Data for the exercise are presented in the figure below (they should be transcribed in a format acceptable to Tableau).

## 3.2 Temperature vs number of sun spots
[Climate explained: Sunspots do affect our weather, a bit, but not as much as other things...](https://theconversation.com/climate-explained-sunspots-do-affect-our-weather-a-bit-but-not-as-much-as-other-things-145101)
Try to analyse the influence of the Sun activity (number of Sun spots) on global warming. The data you can download from Kaggle (search for data).
# 4 Exercise: carbon emissions analysis
We have developed a complex system of producing more and more animals that use more and more of our resources, while leaving a massive amount of waste, pollution and adverse climate change in their way. This excer
cise focuses on the environmental impacts of food.

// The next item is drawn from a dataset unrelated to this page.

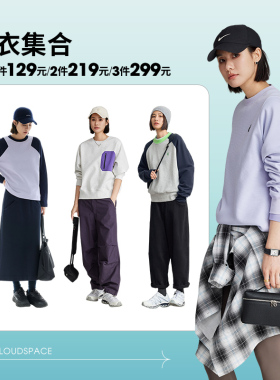 【领券1件129元2件219元3件299元】云上生活精选好货卫衣衬衫合集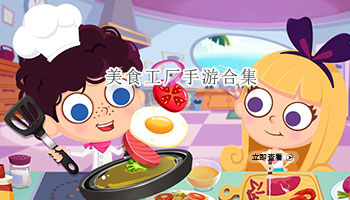 美食工厂手游合集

Prepare the following visualizations and analysis based on the Kaggle project [Choose your food wisely!](https://www.kaggle.com/code/selfvivek/choose-your-food-wisely):
1. Histograms of measures.
2. Total emission vs Food product. Visualize the [Pareto principle](https://en.wikipedia.org/wiki/Pareto_principle) (the idea that a small quantity of work or resources can produce a large number of results).

3. Stages of supply chain (Land usage, Farm, Animal Feed, Processing, Transport, Retail, Packaging).

4. Scatter plot: Fresh Water use per 1000Kcal vs Fresh Water use per Kg.
5. Food products cluster analysis related to the total impact on environment.